A two-album show starting with the amazing journey, to quote one of the song titles, that is the rock opera Tommy, released by The Who in 1969, followed by Between The Buttons (UK version), released by The Rolling Stones in 1967.
In between, a one-song bridge, Blame It On The Stones, leading into the Stones album, from the late great Kris Kristofferson, who died at age 88 last week. I’ll play a few more Kristofferson tunes on Monday night’s show, 8-10 pm ET, Oct. 7.
My album commentaries are below each record’s track list and the Kristofferson tune.
The Who – Tommy
1. Overture
2. It’s A Boy
3. 1921
4. Amazing Journey
5. Sparks
6. Eyesight To The Blind (The Hawker)
7. Christmas
8. Cousin Kevin
9. The Acid Queen
10. Underture
11. Do You Think It’s Alright?
12. Fiddle About
13. Pinball Wizard
14. There’s A Doctor
15. Go To The Mirror!
16. Tommy Can You Hear Me?
17. Smash The Mirror
18. Sensation
19. Miracle Cure
20. Sally Simpson
21. I’m Free
22. Welcome
23. Tommy’s Holiday Camp
24. We’re Not Gonna Take It/See Me Feel Me/Listening To You
Tommy is arguably best digested in one go, which is natural in that it was designed as an opera/concept album. But – as in the case of, say, Money being pulled as a single from Pink Floyd’s concept The Dark Side Of The Moon – singles like Pinball Wizard and I’m Free were released from Tommy and, in Pinball Wizard’s case at least, landed on various Who compilations. So the album’s songs – The Acid Queen for me is another – can be appreciated outside the context of the larger work. It might just be me but in listening to the full piece for the first time in a while, I was reminded how many of the songs – 1921, Christmas, Cousin Kevin, Go To The Mirror!, Sally Simpson, Welcome among them – are perhaps not immediately recognizable by title but are instantly familiar, to anyone knowing the album, once the first notes of the tunes are heard. And of course there’s the interconnectivity of offerings like Overture, Underture and Sparks, although they are separated by other songs, with segments of them also sprinkled elsewhere within the album, all culminating in the epic We’re Not Gonna Take It/See Me, Feel Me/Listening To You suite that closes the album and The Who took to epic proportions live, particularly in the perhaps definitive version performed by the band at Woodstock. A remarkable record.

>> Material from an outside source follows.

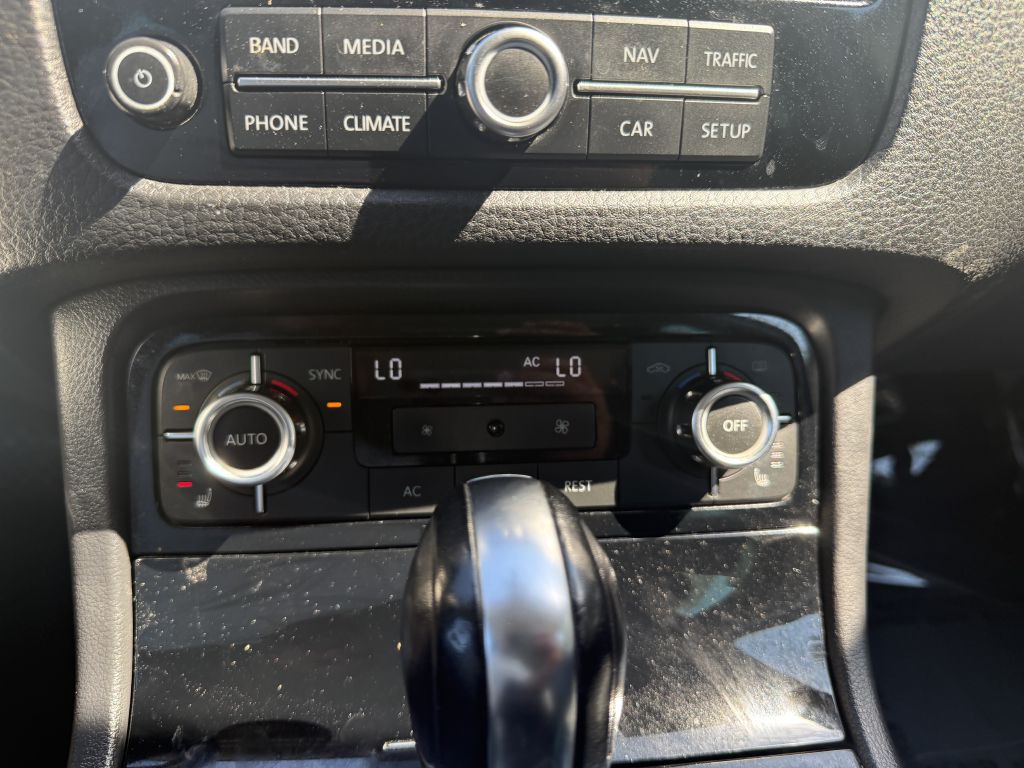 2012 Volkswagen Touareg Image 16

Kris Kristofferson, Blame It On The Stones
Lead track, from his 1970 debut album Kristofferson, a song written in defence of The Rolling Stones, who had just come out of the late 1969 chaos of the infamous Altamont concert, it references their 1966 drug-themed single Mother’s Little Helper and adult angst at the supposed antics and or ‘threat’ of younger generations. “Kids today’, in other words, when adults saying such things obviously forget they were once ‘kids today’. As Keith Richards once opined about what he considered the absurdity of the then to the Stones ‘elder’ establishment, particularly in home country of England, being worried about whatever damage a rock band could do, specifically discussing when he and Mick Jagger were briefly jailed after a 1967 drug bust:
“A country that’s been running a thousand years worried about two herberts running around? Do me a favor. That’s when you realize how fragile our little society is.” Herbert: (from The Lexicon of British slang) UK slang for a foolish person or used as a mild form of abuse. Normally prefixed by “spotty,” e.g. “Will ya look at that spotty Herbert!”

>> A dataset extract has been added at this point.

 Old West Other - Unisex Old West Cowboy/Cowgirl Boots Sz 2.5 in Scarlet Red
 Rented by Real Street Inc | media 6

That and more such pearls of Keef wisdom are available in two books I recommend: Stone Me: The Wit and Wisdom of Keith Richards, compiled by Mark Blake and What Would Keith Richards Do? Daily Affirmations From A Rock ‘n’ Roll Survivor, by Jessica Pallington West.
As for Kristofferson, his debut album, beyond the Stones-related song, also included many of his perennials – Help Me Make It Through The Night, Casey’s Last Ride, Sunday Mornin’ Coming Down and of course his own version of his Me And Bobby McGee, which Janis Joplin took, posthumously, to No. 1 on her 1971 album Pearl, released in January of ’71, three months after her death. Kristofferson’s debut album, under its original title, was a commercial failure but after the success of the Joplin cover, was retitled Me And Bobby McGee in 1971 and – showing the power and name recognition of a hit single, cover version or otherwise – reached No. 10 on the country music charts and No. 43 on Billboard’s top 100.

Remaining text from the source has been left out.